Output the lines of the records below exactly, beginning at their first line and ending at the line with "japanese cats Ukiyo-e"; include no pictures.
START Data provided
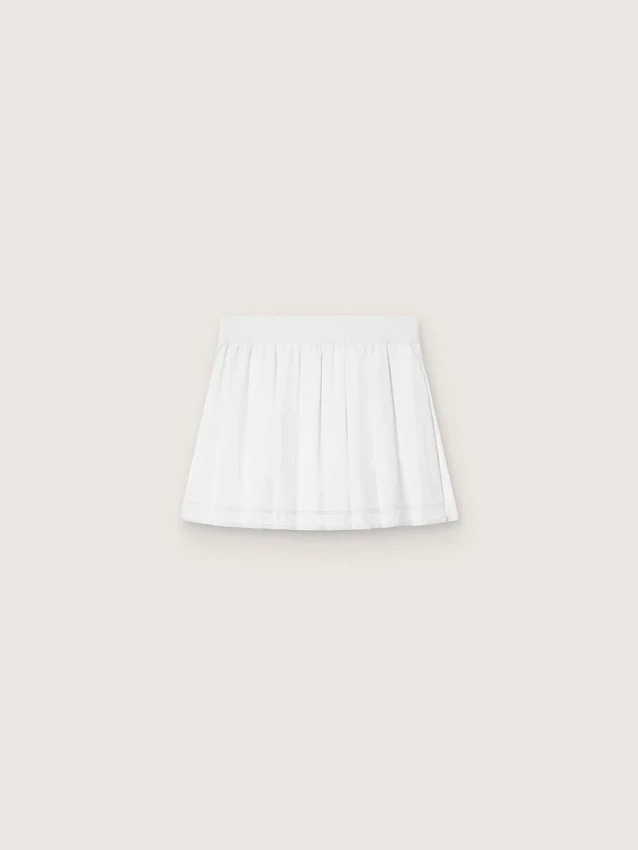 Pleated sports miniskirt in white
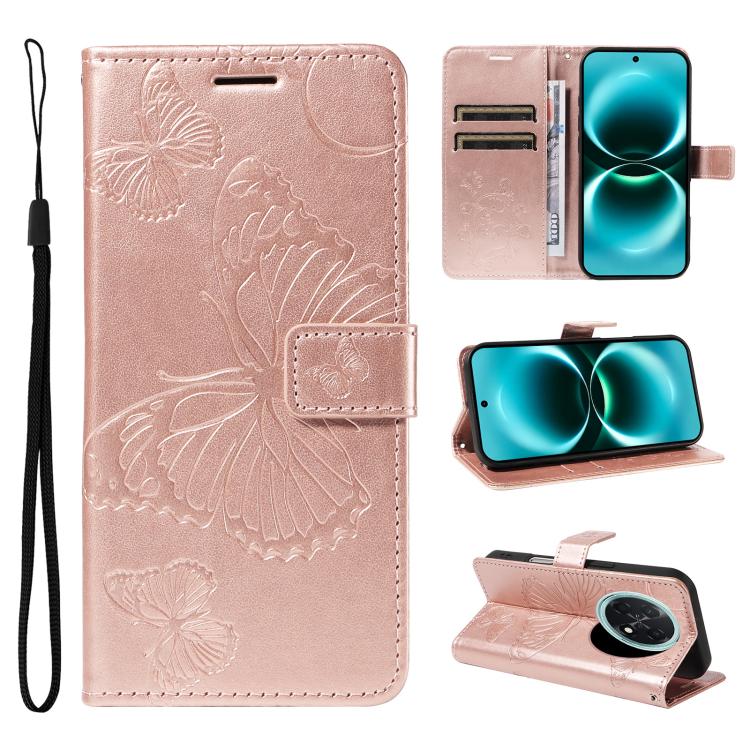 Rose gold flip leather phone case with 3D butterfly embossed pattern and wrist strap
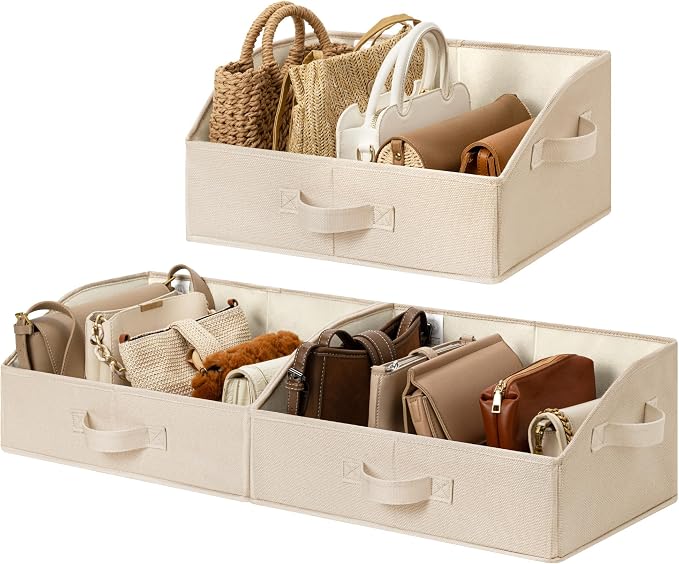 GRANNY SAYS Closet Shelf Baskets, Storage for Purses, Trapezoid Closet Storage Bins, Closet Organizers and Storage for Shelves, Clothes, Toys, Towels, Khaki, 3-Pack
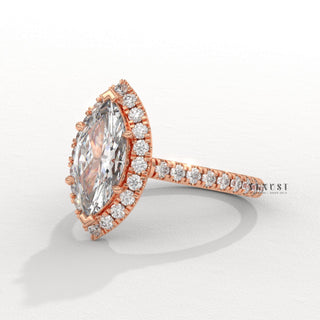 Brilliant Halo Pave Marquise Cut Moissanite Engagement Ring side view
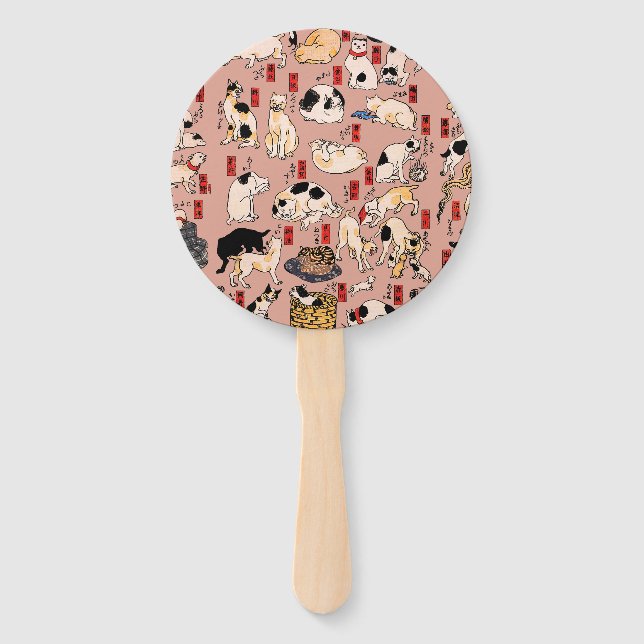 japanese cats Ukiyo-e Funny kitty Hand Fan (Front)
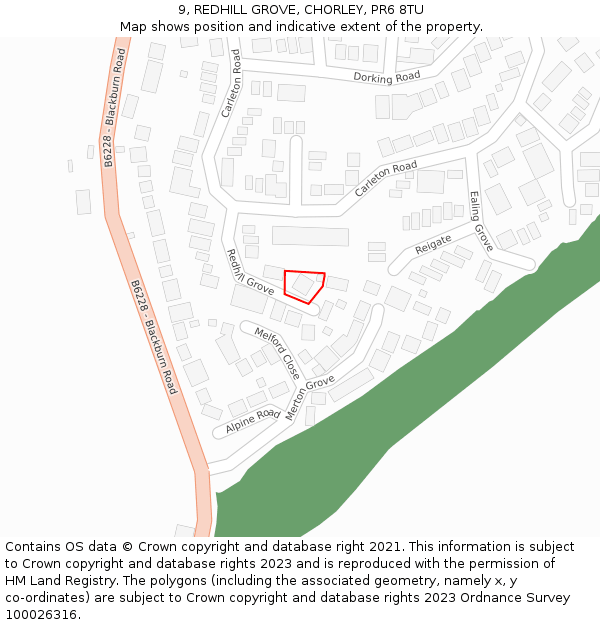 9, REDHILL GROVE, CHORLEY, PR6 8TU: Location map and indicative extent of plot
END Data provided
Output for this exercise —
 Pleated sports miniskirt in white
 Rose gold flip leather phone case with 3D butterfly embossed pattern and wrist strap
 GRANNY SAYS Closet Shelf Baskets, Storage for Purses, Trapezoid Closet Storage Bins, Closet Organizers and Storage for Shelves, Clothes, Toys, Towels, Khaki, 3-Pack
 Brilliant Halo Pave Marquise Cut Moissanite Engagement Ring side view
 japanese cats Ukiyo-e Funny kitty Hand Fan (Front)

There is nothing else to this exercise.